Prior studies have found that care transitions programs can improve patients’ outcomes.4-7 However, there is limited evidence on which interventions work best in different settings,3,4 and transitional care interventions at stand-alone community hospitals might not always achieve their goals.8 Further, lower rates of follow-up care and greater risk of ED visits for postdischarge Medicare beneficiaries in rural settings, compared with urban beneficiaries, highlight the need for policies that increase follow-up care in rural settings.9,10 Testing of transitional care programs in rural settings is needed.4

This study examined how a telephonic transitional care intervention for patients discharged from the hospital affected service use and Medicare spending in a small rural healthcare system.


Using an observational cohort design, we evaluated the intervention’s effects on service use and spending among Medicare fee-for-service (FFS) beneficiaries using difference-in-differences (DID) design with a matched comparison group.

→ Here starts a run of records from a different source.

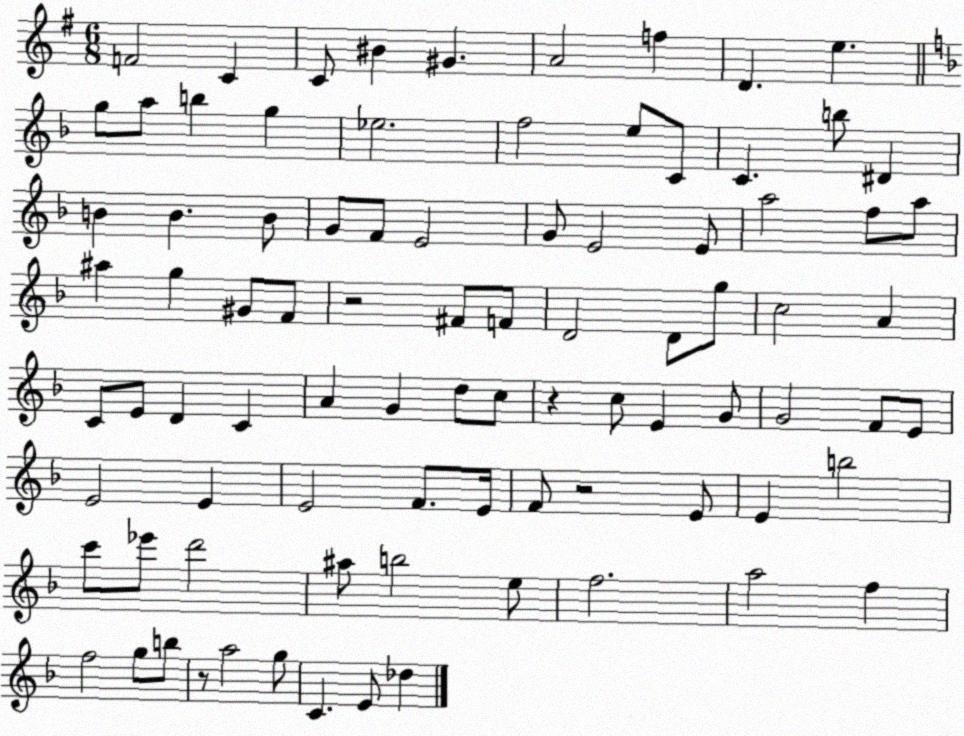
X:1
T:Untitled
M:6/8
L:1/4
K:G
F2 C C/2 ^B ^G A2 f D e g/2 a/2 b g _e2 f2 e/2 C/2 C b/2 ^D B B B/2 G/2 F/2 E2 G/2 E2 E/2 a2 f/2 a/2 ^a g ^G/2 F/2 z2 ^F/2 F/2 D2 D/2 g/2 c2 A C/2 E/2 D C A G d/2 c/2 z c/2 E G/2 G2 F/2 E/2 E2 E E2 F/2 E/4 F/2 z2 E/2 E b2 c'/2 _e'/2 d'2 ^a/2 b2 e/2 f2 a2 f f2 g/2 b/2 z/2 a2 g/2 C E/2 _d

Atlantic General Hospital (AGH) is a private, not-for-profit, community-based healthcare delivery system with a 62-bed hospital and 7 primary care practices. AGH is located in Worcester County, Maryland, a largely rural county and a federally designated medically underserved area. Although the hospital is located in a resort area, most of AGH’s primary care patients live there year-round. AGH program administrators note that many residents are older than 65 years and have low levels of literacy.

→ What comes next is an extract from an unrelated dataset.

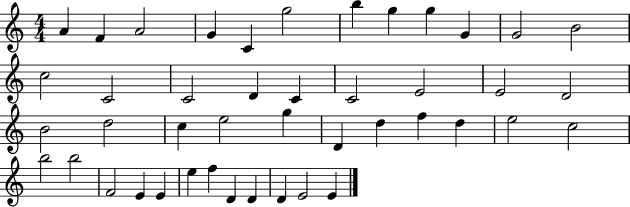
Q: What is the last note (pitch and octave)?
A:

In July 2012, AGH received $1.1 million in Health Care Innovation Award (HCIA) funding from CMS’ Center for Medicare & Medicaid Innovation (CMMI) to implement a patient-centered medical home model that included a care transitions program.11 The program aimed to reduce 30-day readmissions and healthcare costs and targeted patients discharged from AGH who had any diagnosis and an AGH primary care provider (PCP). The program employed 1 full-time nurse care coordinator with extensive clinical and case management experience who managed a caseload of 40 to 50 patients at any given time.

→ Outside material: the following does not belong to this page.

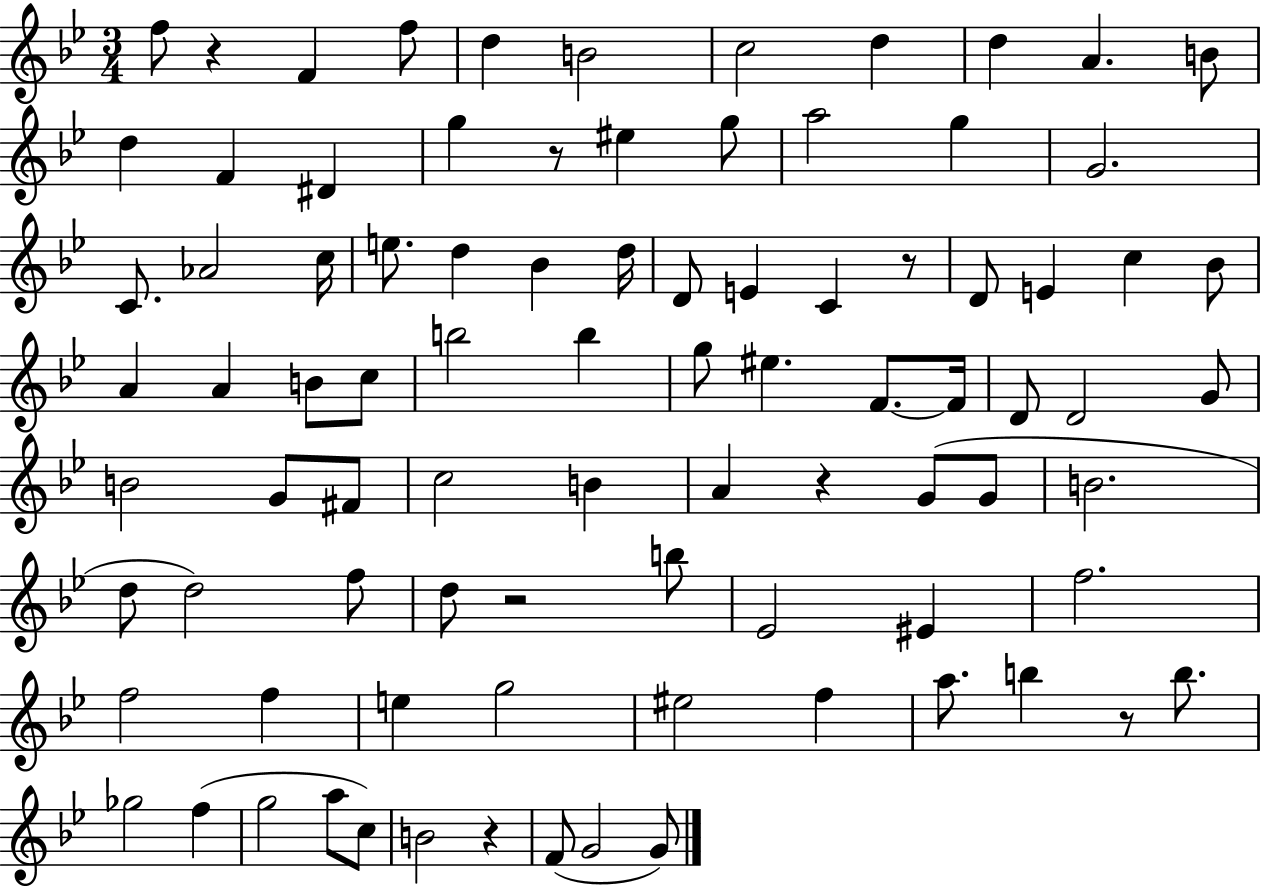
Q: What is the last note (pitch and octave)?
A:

The nurse monitored the hospital’s daily census to identify eligible patients. Using AGH’s electronic health record system, the nurse reviewed patient information, including reason for the hospital stay, recent primary care visits, and discharge instructions, and notified the patient’s AGH PCP of the admission. The nurse visited patients in the hospital to describe the program and identify postdischarge needs. She later called patients at home within 24 to 72 hours of discharge to enroll them in the program. (Participation was voluntary; 10% of patients opted out or could not be reached by phone after 3 tries.) During the initial call, the nurse reviewed the patient’s conditions, reconciled medications and identified barriers to medication compliance, identified immediate needs for support and barriers to self-care, and scheduled follow-up appointments with the AGH PCP. Thereafter, the nurse called participants weekly to monitor their conditions and compliance with postdischarge treatment plans. Participants with unstable conditions based on the nurse’s clinical judgment or who needed additional support received more frequent calls to address emerging needs in a timely manner. In rare cases, the nurse contacted the participant’s PCP regarding urgent needs and coordinated additional office visits or referrals. Patients left the transitional care program within 30 days after discharge from the hospital.

The treatment group for our analysis included 638 Medicare FFS patients who had an AGH PCP and were discharged from AGH during the HCIA funding period (February 2013-May 2015). We defined the treatment group using intent-to-treat criteria and thus included some patients who did not participate in the program because they declined to participate or could not be reached by the care transitions care coordinator after 3 attempts. (Data indicate that 396 of the treatment group members, or 62%, were actually enrolled in the intervention.) eAppendices A and B (available at provide additional details on sample selection, data availability, and sample sizes. The intervention also targeted other patients, including those enrolled in Medicaid, Medicare managed care, or commercial insurance, but data limitations precluded them from being included in the study.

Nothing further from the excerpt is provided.